BEGIN Collected material

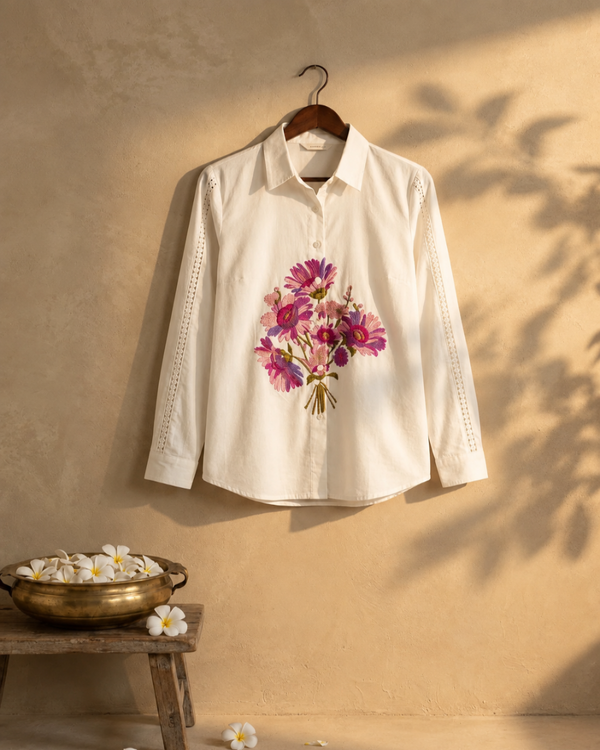 White Pure Cotton Floral Print Shirt
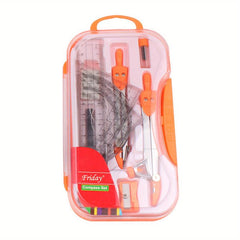 10pcs Geometry Compass Set w/ Storage Box Rulers Protractor Eraser Sharpener Pen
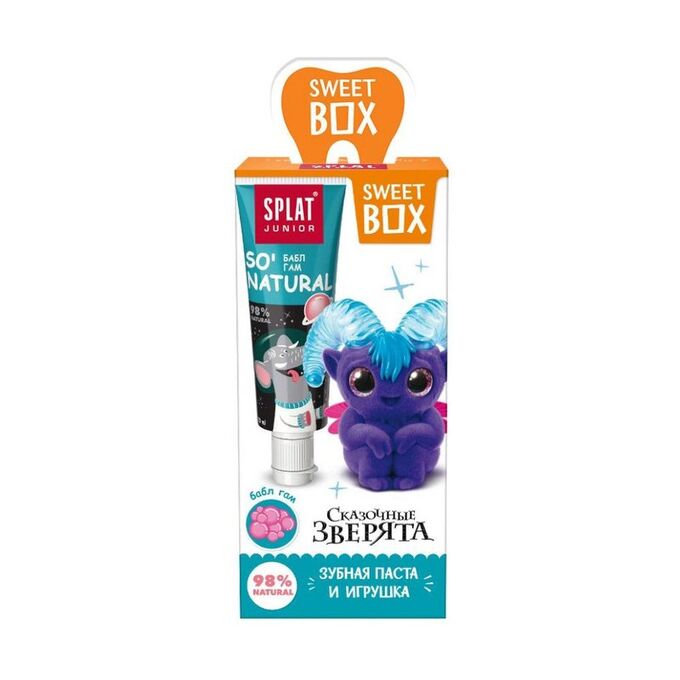 Набор зубная паста + игрушка Junior Sweetbox Bubble Gum, Splat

END Collected material

What is expected:
Restate the material word for word; no picture should appear in the copy.

Output below:
 White Pure Cotton Floral Print Shirt
 10pcs Geometry Compass Set w/ Storage Box Rulers Protractor Eraser Sharpener Pen
 Набор зубная паста + игрушка Junior Sweetbox Bubble Gum, Splat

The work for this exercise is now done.